The multithreading preview for Crystal was just merged in yesterday so I’ve been playing around with it a bit to check its performance. Sure enough, I was able to saturate all 32 cores on a DigitalOcean droplet with 32.times { spawn { loop {} } }:
I wrote up a quick HTTP::Server app to check performance (I don’t know how to get a local build of Crystal to use shards or I’d check on a real app). Here’s the single-thread benchmark (via wrk, output trimmed):
Thread Stats Avg Stdev Max +/- Stdev
Latency 199.01us 90.71us 8.53ms 97.75%
Requests/sec: 50590.09
For comparison purposes, the release version of v0.30.1 gets 50013 reqs/sec with the same code on my machine. Still in the same ballpark, but it’s really heartening to know that the changes didn’t result in worse performance in single-thread mode. In multi-thread mode with a single thread, performance did drop a bit to 47457 — approximately a 5% reduction.
With the preview_mt flag enabled (crystal run -Dpreview_mt --release check_mt.cr) on Crystal master:
Thread Stats Avg Stdev Max +/- Stdev
Latency 93.54us 77.55us 3.36ms 96.54%
Requests/sec: 108131.26
This is awesome, we get more throughput from a single process! Latency is lower! In fact, this is the first time I’ve been able to get wrk to consume more than 100% CPU before!
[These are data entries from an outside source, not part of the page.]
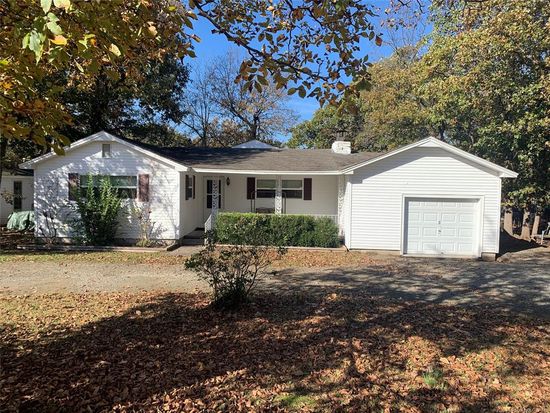 264 Se Main St Eufaula Ok 74432 Mls 2040618 Zillow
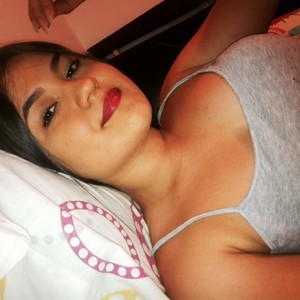 XRoxy_lips naked before webcam in live video chat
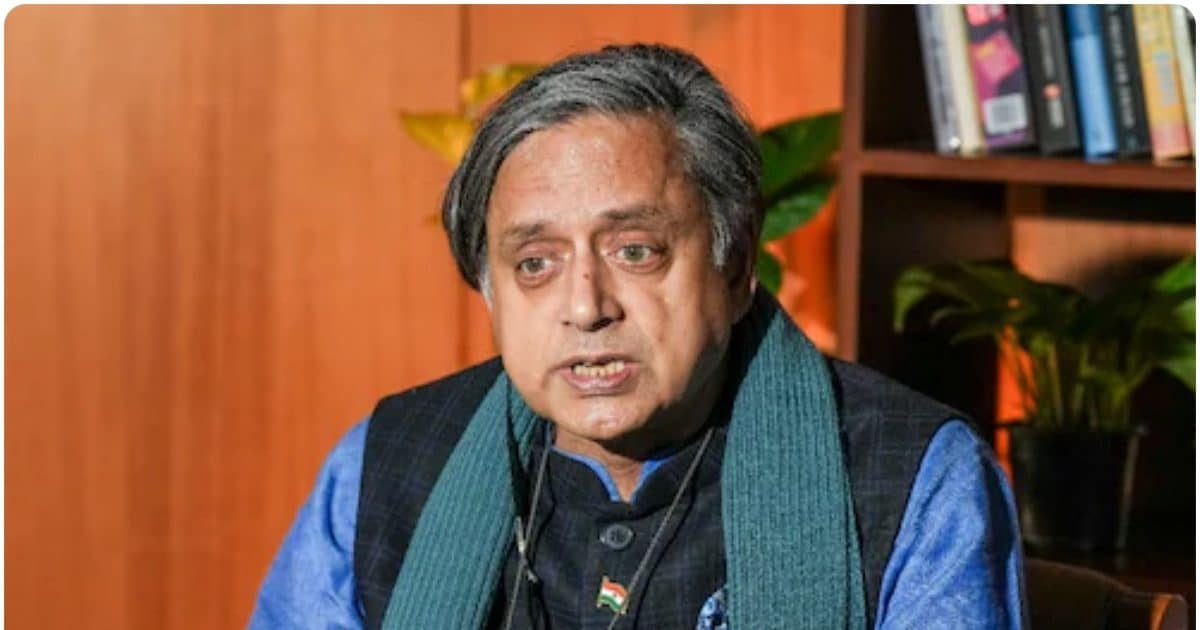 Leaders like Shashi Tharoor try to show the right direction to Sonia and Rahul, but …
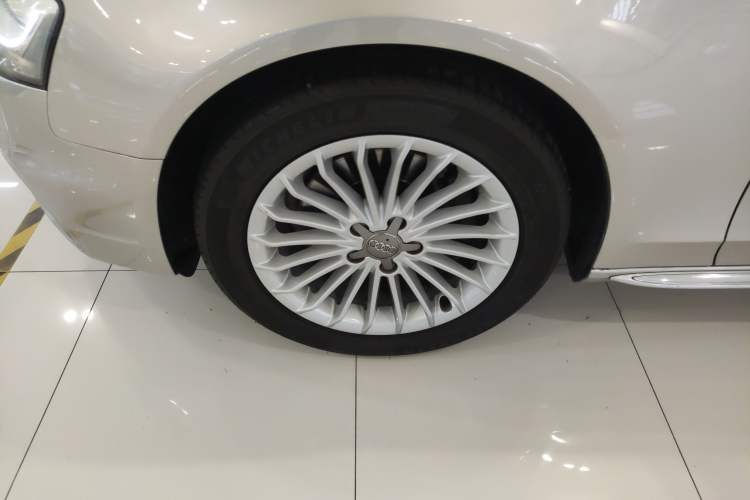 Used Audi A4L 2016 35 TFSI Collection Edition S line Comfort Model Left Front Wheel Hub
It’s not proportional, though, unfortunately. The first version of the app consumes 100% CPU and the second consumes 460%. But rather than a 4.6x improvement in throughput we only get 2.14x. Still a win, just not the one I was expecting. This isn’t intended as a criticism, just an observation that it’s probably not ready yet. :-)
If someone can drop some tips on how to get a locally built Crystal to compile with shards I’d be happy to run this against a real app instead of poorly simulated work.
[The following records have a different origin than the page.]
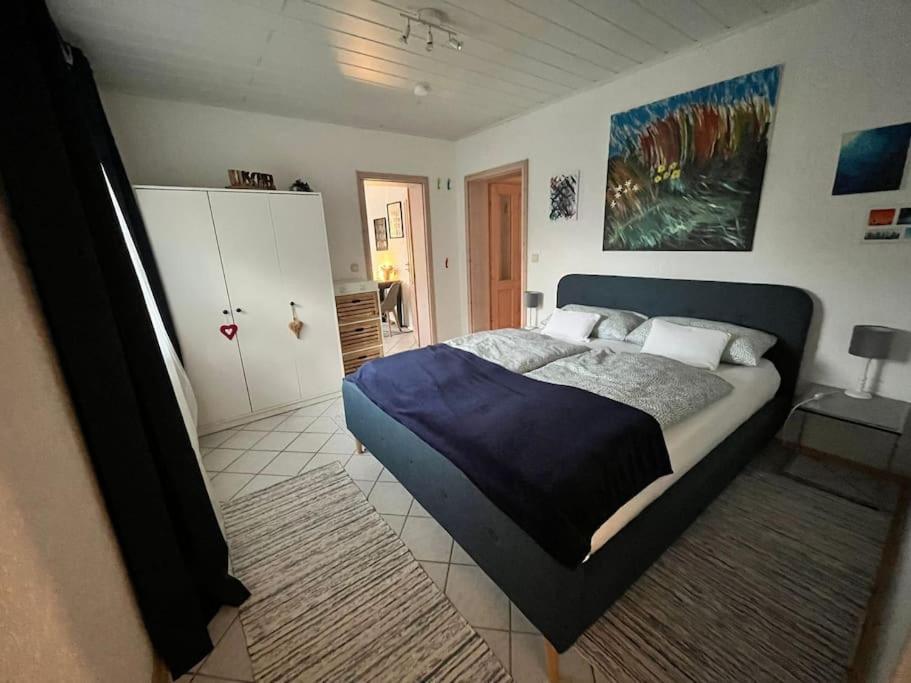 1 dormitorio con 1 cama grande en una habitación en Rheinauszeit, en Rheinbrohl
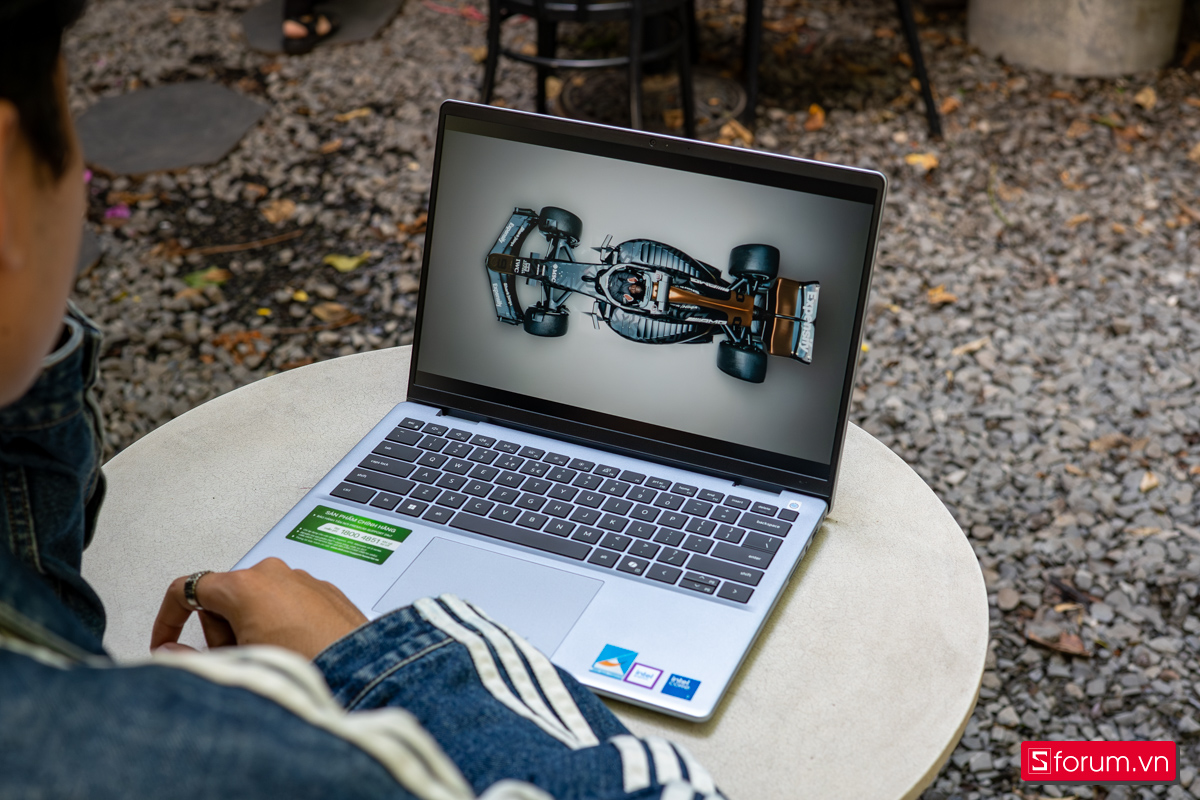 Màn hình Dell Inspiron 14 5440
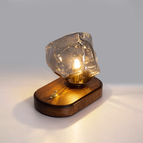 Rookgrijs en donker hout / L 20cm x W 12cm x H 15cm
I have a feeling that throughput might be a little more proportional when the request does real work since scheduling fibers will likely be a much smaller ratio of the total work being done. Getting the DB to keep up might be challenging, though.


In fact, new threads are never created after it begins executing your code. The scheduler spins up a thread pool during bootstrapping and new fibers are assigned to one of those threads.